I fattori-chiave: tenacia, competenza e capacità organizzativa
Quali abilità occorrono per svolgere con efficacia la propria attività? Le imprenditrici mettono ai primi tre posti la tenacia (60%), ancora una volta l’essere innamorate del proprio lavoro (53%) e un mix di competenza, organizzazione e gratificazione nell’essere autonome (27%). Le donne mettono al primo posto competenza e formazione (41%), capacità organizzative (40%) e tenacia, anche di fronte alle difficoltà (36%).
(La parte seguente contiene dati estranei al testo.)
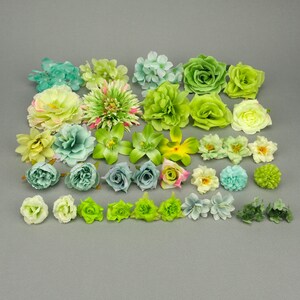 May include: Assortment of artificial flowers in various shades of green, white, and yellow. The flowers are made of fabric and have a realistic appearance. They are perfect for crafting and decorating.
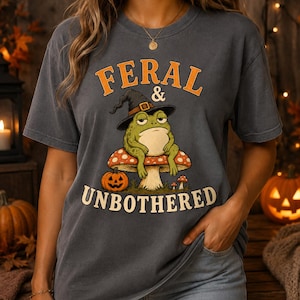 May include: A charcoal gray short-sleeve t-shirt featuring a graphic of a green frog wearing a black witch hat, sitting on a red and white spotted mushroom. The text "FERAL & UNBOTHERED" is printed in orange and cream above and below the frog.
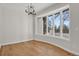 Elegant dining room with hardwood floors and bay window at 25220 Montane Dr, Golden, CO 80401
I trend più in voga: attenzione al cibo, e-commerce, km 0 e agriturismi
Altri insight interessanti emersi dalla survey sono quelli riguardanti le tendenze che stanno caratterizzando il mondo agroalimentare. Secondo sia le imprenditrici che le donne, spiccano su tutte l’attenzione al cibo, le nuove forme di vendita, come quelle che puntano sull’online o sui prodotti a km 0 e la formula dell’agriturismo. Assai meno trendy risultano l’informazione sul settore e la presenza di cultura e arte nell’ambito food. “Pollice verso” nelle risposte delle donne anche per il rilancio di specie antiche e trascurate, così come per l’investimento nella ricerca volta a migliorare le tecniche di allevamento e agricole, tendenze queste che, anche se riscontrano meno interesse sui media, risultano significativamente importanti per le imprenditrici. La ricerca è frutto di due indagini quantitative – la prima all’interno di un campione nazionale di 1000 donne di età compresa tra i 18 e i 65 anni, la seconda su tutto il territorio italiano tra 19 imprenditrici del settore agroalimentare e una foodblogger e un’indagine desk basata su dati Fao 2016, Eurostat, CREA, Istat e Unioncamere. Tutte sono state realizzate a ottobre 2018.